Started from a package, so weak colony by definition from the get go. If you remove the queen and allow the supercedure to continue, then they will go approximately two weeks without any eggs. Older bees are dying off, and if you remove the queen, that means 3 weeks from now there will be no young bees emerging. So your weak colony will become even weaker.

If the package queen really needs to be replaced, then replace her with a mated queen. But if they are superceeding due to things like trauma from moving and a poor mix of age in the population, then simply pinching the cells and let time do it's magic will cure the colony.

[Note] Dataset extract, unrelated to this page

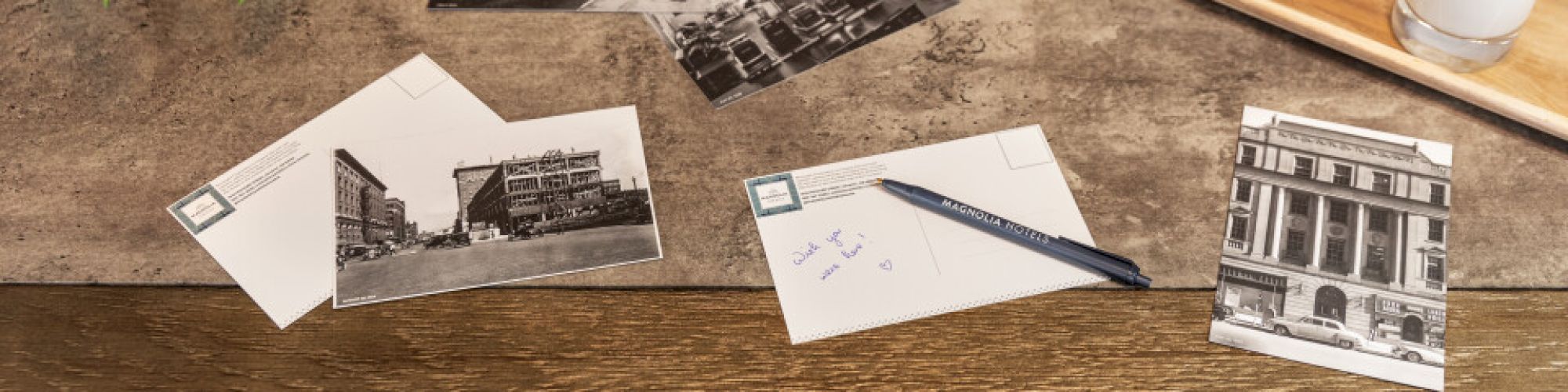 A desk with vintage postcards, a pen, cookies on a tray, a glass of milk, and a potted plant.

The detail of beekeeping that most folks tend to miss, what you do today effects the population 3 weeks from now, when all the brood currently in progress has emerged. The important detail left out of the original post, when was the package put in the box ? For the first 4 weeks after hiving a package, things are not 'normal' for a bee colony, and during that period starting a supercedure is common, it's how the bees react when 'things get bad'. But if you look at the reality, the queen in there was likely raised under close to ideal conditions by somebody that is an expert in rearing large numbers of queens, she is likely a fairly good queen. Allowing them to complete the supercedure you are getting a crap shoot queen raised by a weak colony in conditions anything but ideal.

After doing this for a bunch of years, I've changed my view on package queens. In 95 out of a hundred cases, the queen that came in the package will be a better raised queen that what the package can produce itself before it's been in the box for a couple months and grown to full size.

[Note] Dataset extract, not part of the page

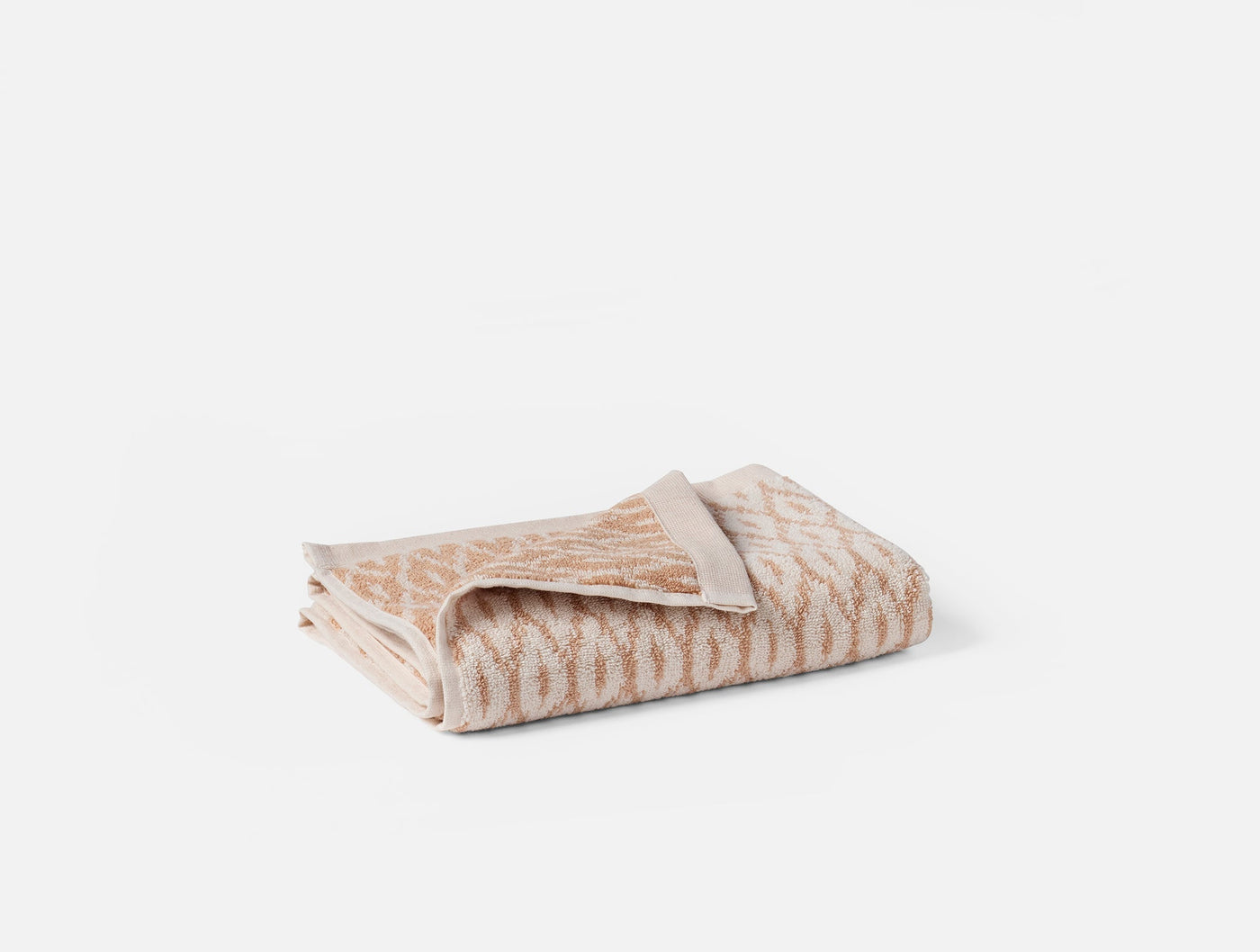 Folded sand and ivory jacquard hand towel, reverse side visible showing plain weave.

If the colony has as much brood as the package bees can cover, then I would just continue pinching cells until the population starts to expand. For a package that was put onto drawn comb, it's very normal for them to have a couple sheets of capped brood, but almost no eggs after two weeks. They have all the brood they can support, and even if the queen lays more eggs, they cant cover that comb area, so they cant keep temps correct for a larger nest. With little / no eggs, folks mistake that for a 'poor queen', when in fact she is a good queen, but there simply isn't the population to support a larger nest. With a fresh new package on drawn comb it will take 3 brood cycles before they have enough bees to support a full size brood nest.

You really cannot honestly judge a queen from a package till they have been in the hive for more than 2 months and have had time to grow the population large enough to support a proper size brood nest that has brood in all stages of development from egg to emerging bee.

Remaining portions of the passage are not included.